● WORK TASK:
Your job is to print, exactly, the lines in the data below from the line with "um grande edifício" through the line with "EnkellaarzenAnita605", both included, and to omit any picture.

● THE INPUT:
....
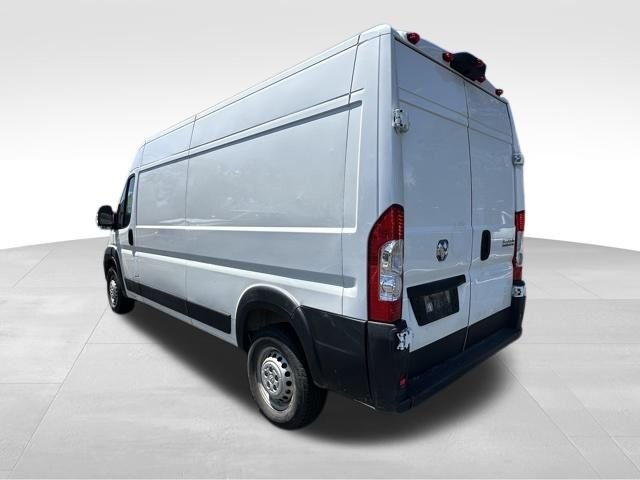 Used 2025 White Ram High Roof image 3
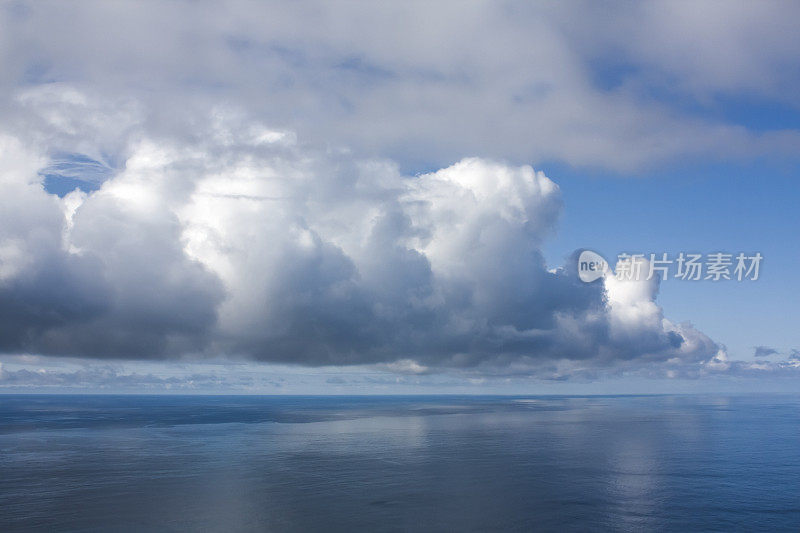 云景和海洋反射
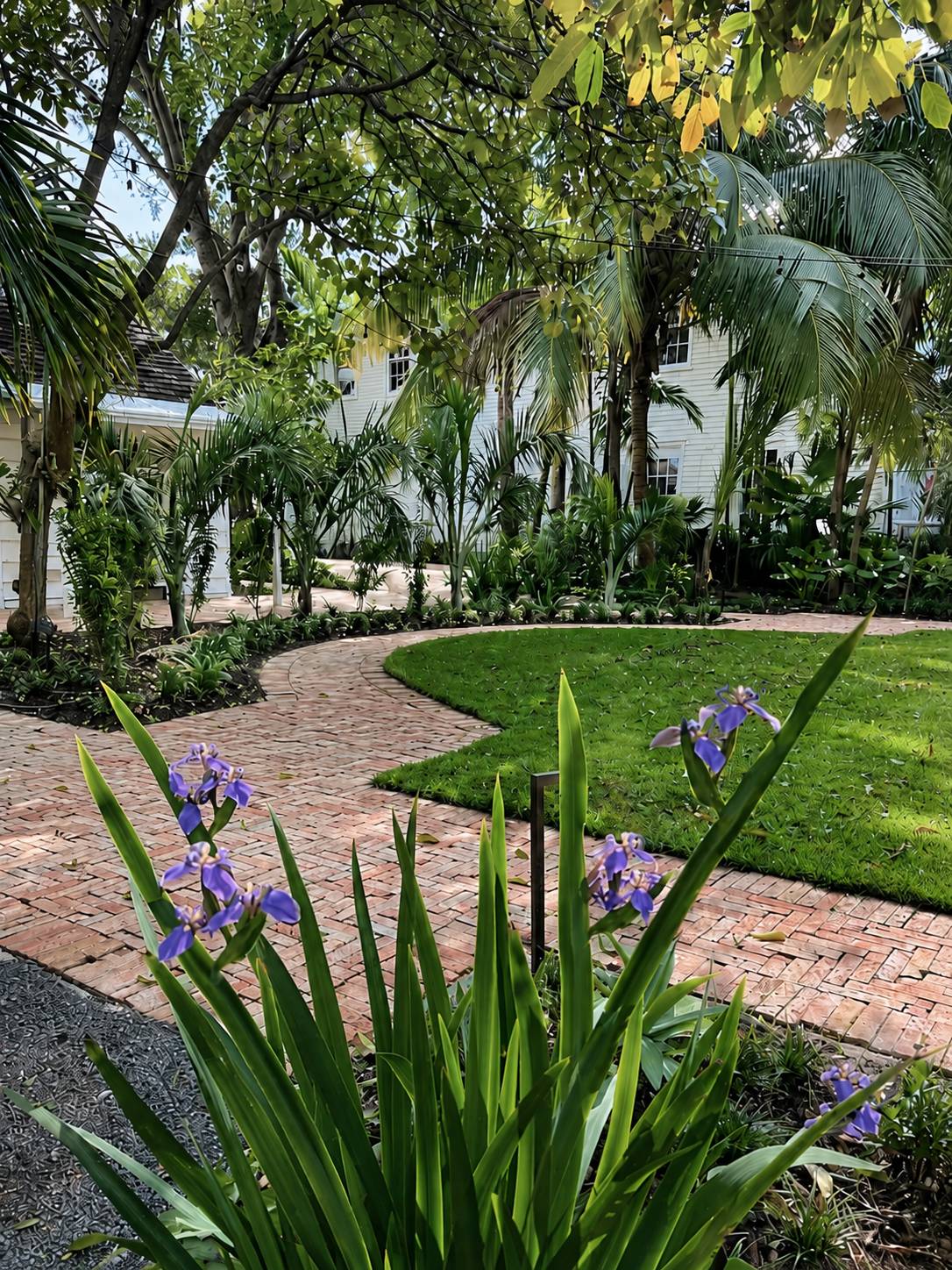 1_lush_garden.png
....
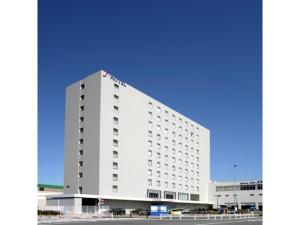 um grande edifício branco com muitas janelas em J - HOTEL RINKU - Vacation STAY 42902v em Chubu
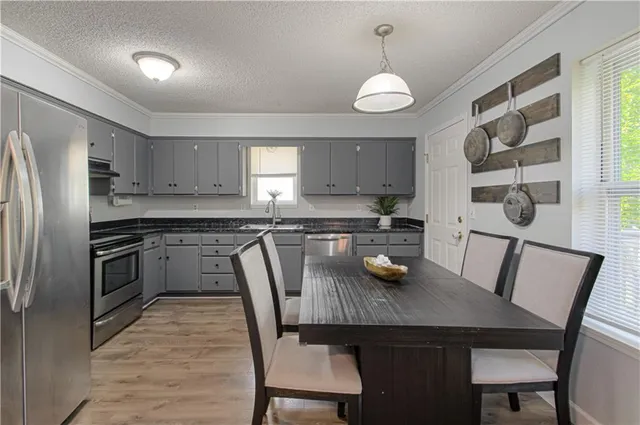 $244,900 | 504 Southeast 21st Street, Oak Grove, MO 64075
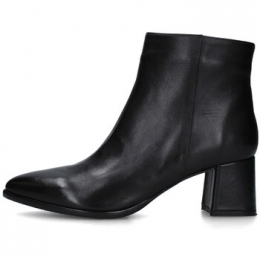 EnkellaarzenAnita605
....
● SOLUTION TO THE EXERCISE:
 um grande edifício branco com muitas janelas em J - HOTEL RINKU - Vacation STAY 42902v em Chubu
 $244,900 | 504 Southeast 21st Street, Oak Grove, MO 64075
 EnkellaarzenAnita605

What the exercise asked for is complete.